▶ [Exercise directions] Please print, exactly, only the lines in the entries below from the line that has "Étagère d'affichage 15" through the line that has "1Pcs Makeup Sponge". Pictures don't go in.

▶ [Source material]
━━━━━━━━━━━━━━━━
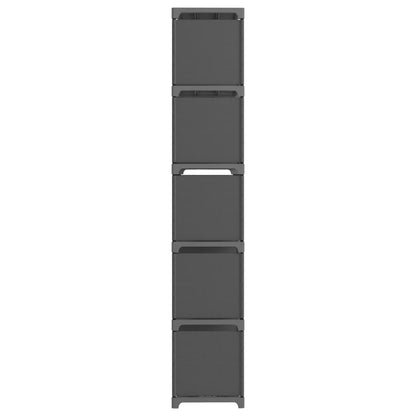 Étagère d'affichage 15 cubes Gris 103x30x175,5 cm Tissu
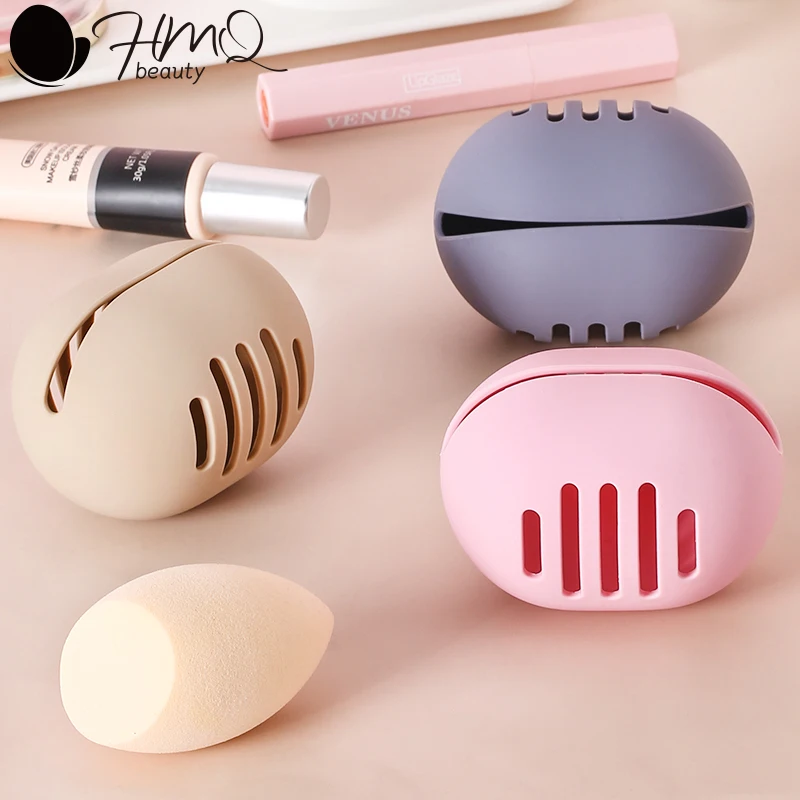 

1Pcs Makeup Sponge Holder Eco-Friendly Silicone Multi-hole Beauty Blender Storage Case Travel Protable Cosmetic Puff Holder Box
━━━━━━━━━━━━━━━━
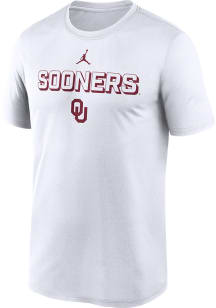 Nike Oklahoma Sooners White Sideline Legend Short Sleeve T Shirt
━━━━━━━━━━━━━━━━
▶ [Written answer]
 Étagère d'affichage 15 cubes Gris 103x30x175,5 cm Tissu

1Pcs Makeup Sponge Holder Eco-Friendly Silicone Multi-hole Beauty Blender Storage Case Travel Protable Cosmetic Puff Holder Box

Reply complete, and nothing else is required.